Damit eine derartige Situation nicht entsteht, soll diese Broschüre helfen,

  • die Vielfalt der »Nanotechnologien« zu verstehen,
  • zu erkennen, dass es sich bei Nanomaterialien um eine Vielzahl unterschiedlicher Stoffe mit völlig unterschiedlichen Eigenschaften und Wirkungen handelt, mit denen ein weites Spektrum verschiedenartiger Anwendungen entwickelt wird,
  • zu verdeutlichen, dass erprobte Arbeitschutzmaßnahmen geeignet sind, Gesundheitsrisiken
  • bei Tätigkeiten mit Nanomaterialien genauso zu vermeiden, wie dies für andere chemische Stoffe alltägliche Praxis ist,
  • bewährte Arbeitsschutzstrukturen zu nutzen, um Tätigkeiten mit Nanomaterialien in das vorhandene Arbeitschutz-Managementsystem im Betrieb zu integrieren.

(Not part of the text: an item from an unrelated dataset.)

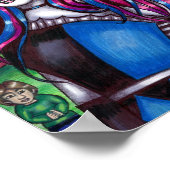 Oorspronkelijke tekening van Vampire Circus Freak Poster (Hoek)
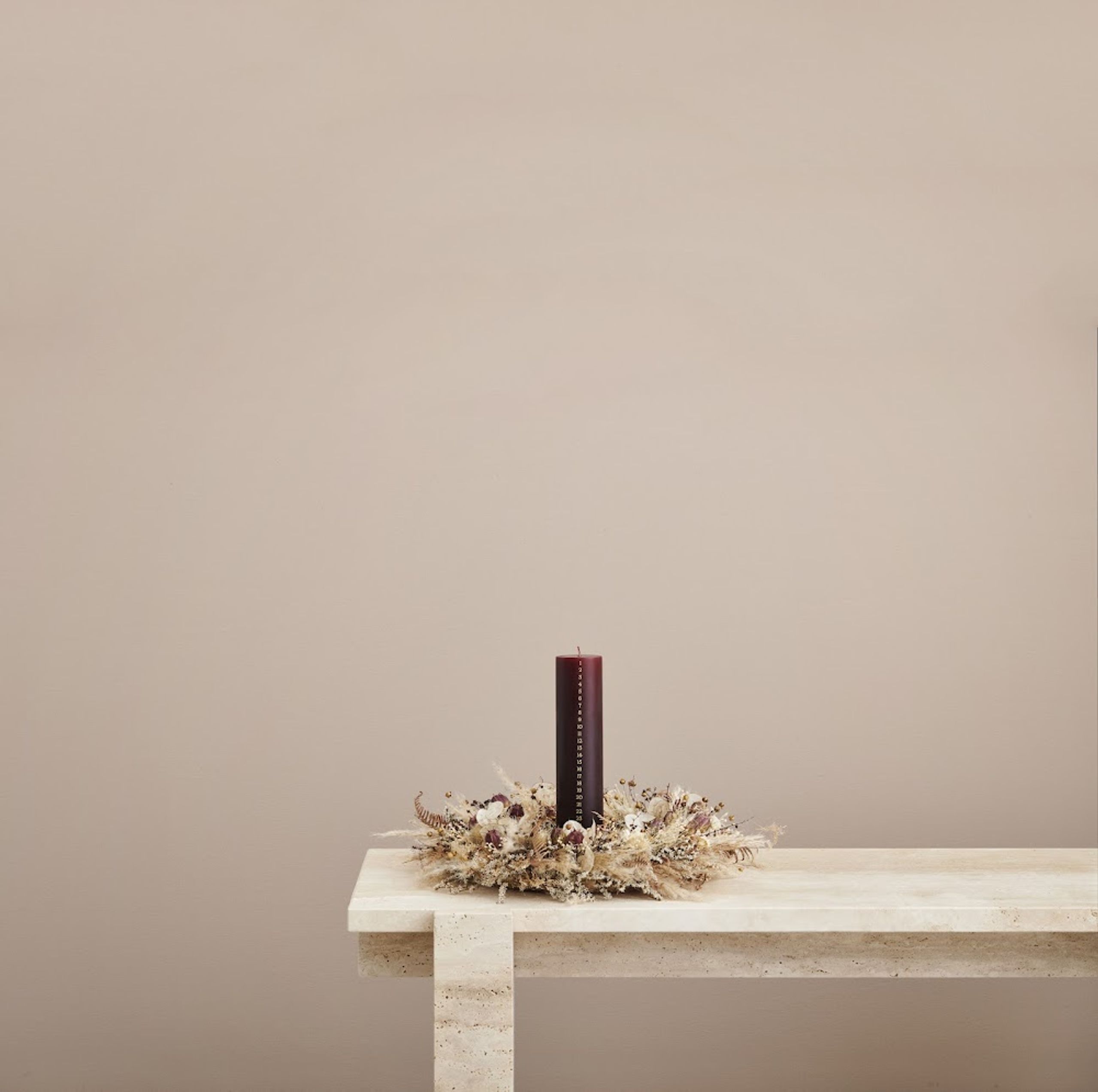 Ester&Erik - Bloklys - Kalenderlys af Ester&Erik - Deep Wine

Die Entwicklung, Herstellung und Verwendung von Materialien im Nanomaßstab – das heißt von Nanomaterialien – kann nach dieser Beschreibung als ein Teilbereich der Nanotechnologien verstanden werden. Nanomaterialien sind chemische Stoffe – zum Teil mit besonderen Eigenschaften. Wegen dieser besonderen Eigenschaften können von ihnen besondere Gefahren für Gesundheit und Umwelt ausgehen und damit besondere Herausforderungen für den Arbeitsschutz darstellen.

Welche Aufgabe haben Betriebsräte?

Wenn es um das Thema »Gesundheits- und Umweltschutz bei Tätigkeiten mit Nanomaterialien« geht, sind Betriebsräte gefragt. Ganz allgemein haben sie die Aufgabe zu überwachen, dass der Arbeitgeber seinen Verpflichtungen zum Schutz der Gesundheit der Beschäftigten sowie zum Schutz der Umwelt nachkommt. Betriebsräte haben umfassende Mitbestimmungerechte bei der konkreten Ausgestaltung dieses Schutzes. Wenn das Wissen über mögliche gesundheits- und umweltgefährdende Eigenschaften von Nanomaterialien noch sehr begrenzt ist, sind ihre Aktivitäten besonders wichtig.

In der Broschüre sind Antworten auf folgende Fragen zu finden:

  • Welche Vorgaben des Arbeitsschutzes sind bei Tätigkeiten mit Nanomaterialien zu beachten?
  • Welche Leitfäden und Empfehlungen für Tätigkeiten mit Nanomaterialien werden angeboten, mit deren Hilfe Betriebe ihren Verpflichtungen im Arbeitsschutz nachkommen können?
  • Welche Möglichkeiten haben Betriebsräte, um einen optimalen Schutz der Gesundheit der Beschäftigten bei Tätigkeiten mit Nanomaterialien zu erreichen?